Noken Papua, Tas Ramah Lingkungan yang Diakui UNESCO

Salah satu warisan budaya tak benda yang diakui UNESCO pada 2012.

tas-noken-papua-cover

Potret mama-mama Papua menggendong hasil Bumi dengan tas noken. Foto: Tabloid Nova via grid.id

Selain batik, rupanya banyak kerajinan tradisional Indonesia yang diakui oleh dunia. Salah satunya adalah noken Papua. Yap, Noken merupakan tas tradisional masyarakat Papua yang terbuat dari serat kayu, daun atau batang anggrek, kemudian nantinya dianyam maupun dirajut. 

Menurut Kemendikbud, di Papua, kemahiran seorang perempuan merajut noken Papua dianggap sebagai tanda kedewasaan, loh. Tetapi bagi masyarakat Papua, noken bukanlah sekadar tas untuk membawa barang sehari-hari. Noken memiliki nilai adiluhung yang diajarkan oleh nenek moyang masyarakat Papua lintas generasi. 
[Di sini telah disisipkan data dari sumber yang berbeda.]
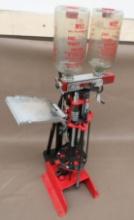 MEC Grabber 28 Gauge Hydraulic Shotshell Reloader
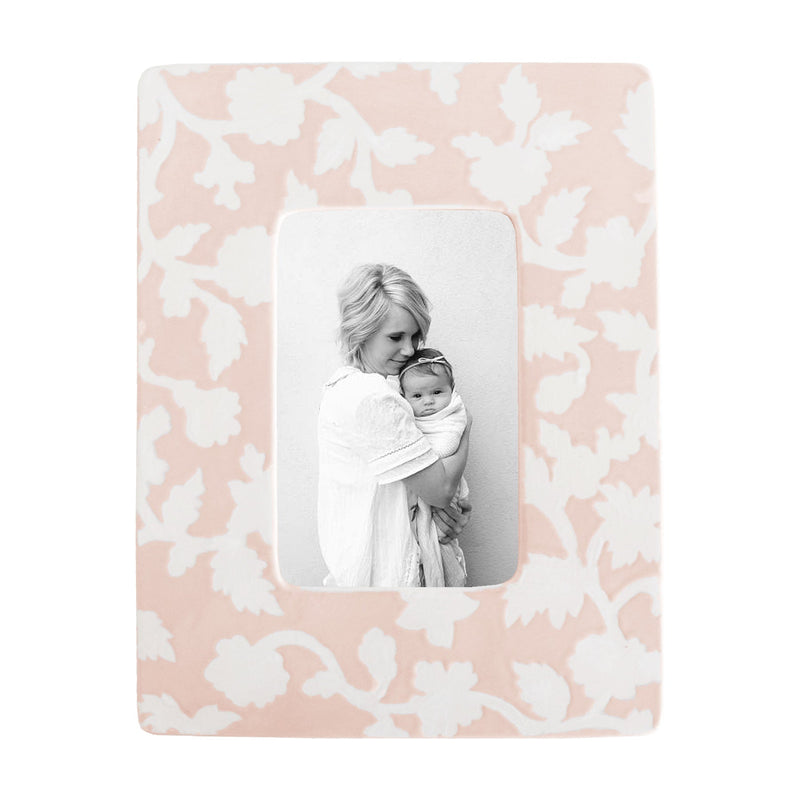 Chinoiserie Dreams Photo Frame-zoom-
Dilansir laman Kementerian Pendidikan dan Budaya, ketua Yayasan Noken Papua, Titus Christoforus Pekei, menjelaskan kalau noken awalnya kerap dipandang sebelah mata. 

“Kita harus kembali mendalami ilmu noken ini. Noken mengajarkan kita tentang berbagi, demokrasi, dan kebenaran,” papar Titus, dikutip laman Kemendikbud. 

Potret penggunaan tas noken. Foto: Centre for Research and development of Culture via ich.unesco.org.

Karena nilai kehidupan yang terkandung dalam noken Papua, hasta karya tradisional ini ditetapkan oleh UNESCO sebagai Intangible Cultural Heritage alias Warisan Budaya Tak Benda di Paris pada 4 Desember 2012. 

Bahkan UNESCO menggolongkan noken Papua dalam kategori In Need of Urgent Safeguarding atau warisan budaya yang membutuhkan perlindungan mendesak. 

“Noken adalah jaring rajutan atau tas anyaman buatan tangan dari serat kayu atau daun oleh masyarakat di Provinsi Papua dan Papua Barat, Indonesia,” tulis UNESCO, dilansir laman resminya.

UNESCO kemudian memaparkan kalau noken banyak digunakan untuk membawa hasil Bumi, tangkapan, kayu bakar, bayi atau binatang kecil, serta untuk belanja dan menyimpan barang-barang di rumah. “Noken juga bisa dikenakan atau diberikan sebagai persembahan perdamaian,” lanjut UNESCO. 

“Lalu apa alasan noken Papua diberikan predikat In Need of Urgent Safeguarding, ya?”

UNESCO memaparkan kalau jumlah orang yang membuat dan menggunakan noken mulai berkurang, terutama dengan keadaan menghadapi persaingan dari tas buatan pabrik serta masalah dalam memperoleh bahan baku. 

Sementara itu menurut Titus Christoforus, karena banyak faktor yang mengancam kelestarian noken Papua, ia berharap kalau noken bisa menjadi muatan lokal di berbagai sekolah di Papua.

Potret tas noken yang diperjualbelikan. Foto: student-activity.binus.ac.id

Sebagai informasi, noken Papua juga sempat menjadi ikonik dalam ajang Pekan Olahraga Nasional (PON) XX Papua 2021 yang berlangsung 2-15 Oktober 2021. Sebanyak 25.000 noken dibagikan sebagai merchandise resmi bagi atlet dan ofisial ajang olahraga tersebut. 

Merchandise ini terwujud dengan kolaborasi penyelenggara PON dengan mama-mama Papua yang juga diberikan lokasi untuk menjual noken Papua,” terang Menteri Pariwisata dan Ekonomi Kreatif (Menparekraf) Sandiaga Uno.

Selain mendunia, bahannya yang terbuat dari sumber daya alam membuat tas noken lebih ramah lingkungan, nih. Nggak cuma itu, noken juga memiliki unsur dan nilai inspirasi di dalamnya. Sebagai anak muda, kamu tertarik untuk memasukkan noken sebagai koleksi tas terbaru kamu, nggak, nih?